──────── Exercise materials ────────

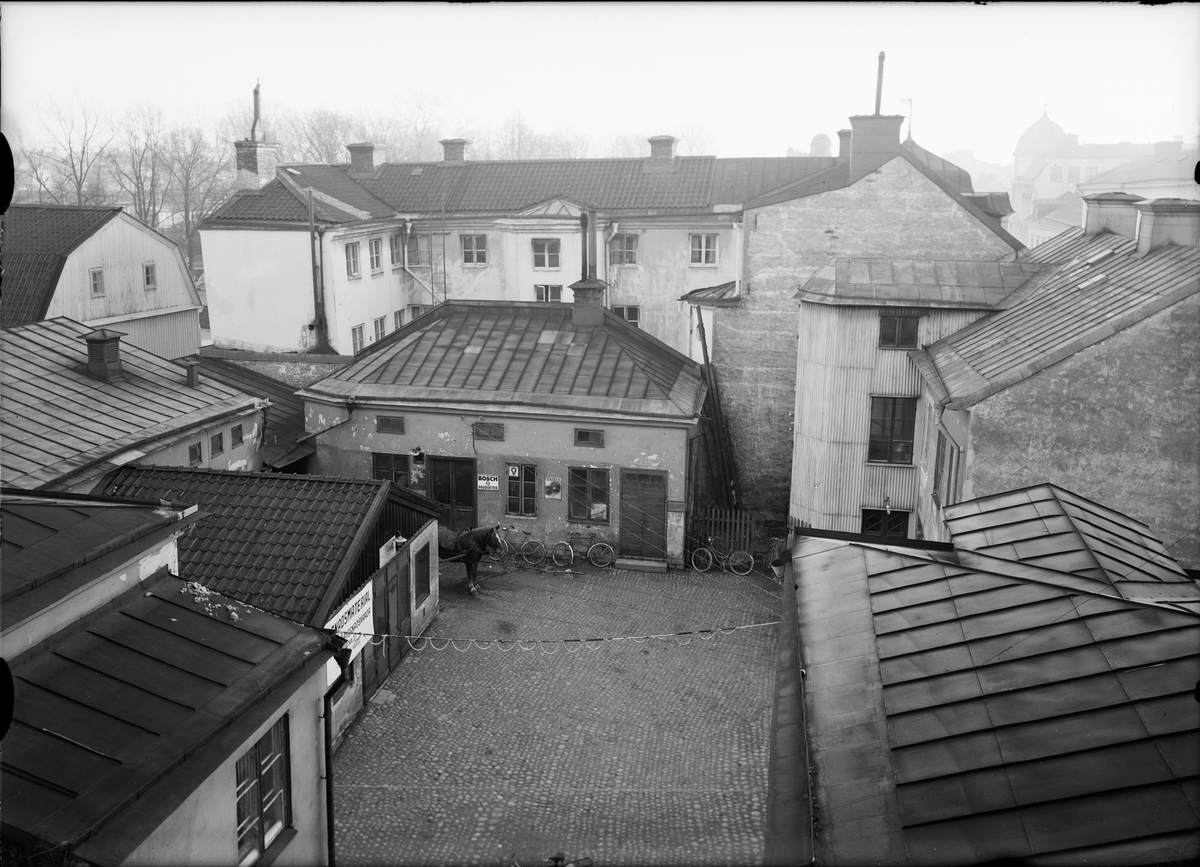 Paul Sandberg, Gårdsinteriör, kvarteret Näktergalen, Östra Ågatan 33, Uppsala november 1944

────────
──────── Exercise materials ────────

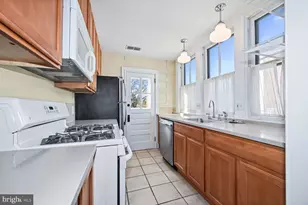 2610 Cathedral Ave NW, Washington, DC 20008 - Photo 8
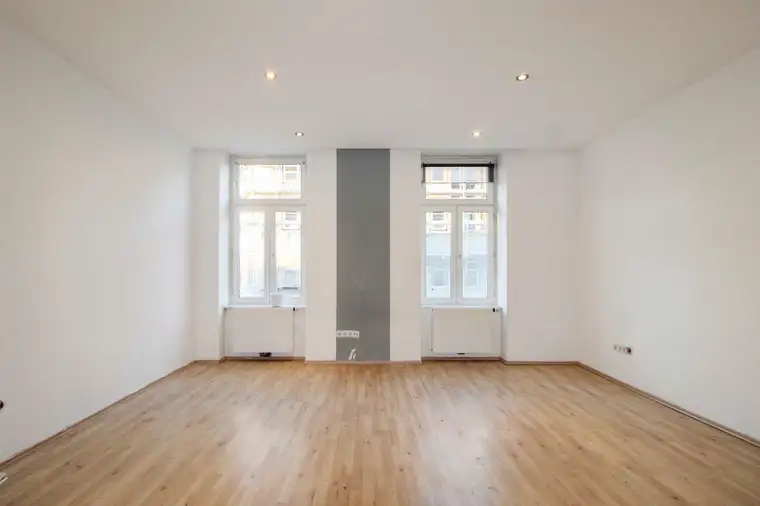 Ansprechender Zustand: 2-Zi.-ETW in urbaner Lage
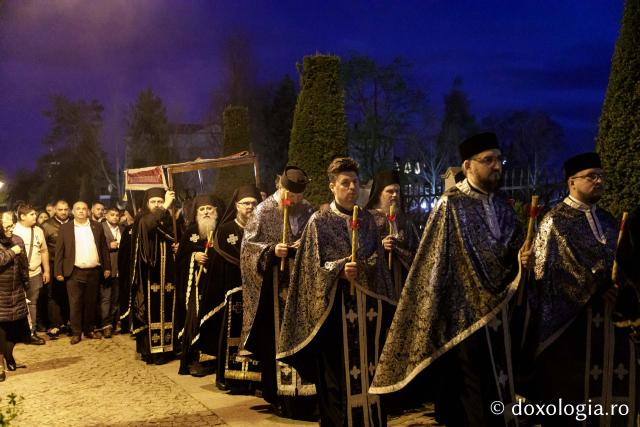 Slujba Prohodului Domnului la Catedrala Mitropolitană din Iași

────────

Set down word for word the lines above from the one with "2610 Cathedral Ave" up to and including the one with "Slujba Prohodului Domnului". Omit every picture.

[Answer for the task]
 2610 Cathedral Ave NW, Washington, DC 20008 - Photo 8
 Ansprechender Zustand: 2-Zi.-ETW in urbaner Lage
 Slujba Prohodului Domnului la Catedrala Mitropolitană din Iași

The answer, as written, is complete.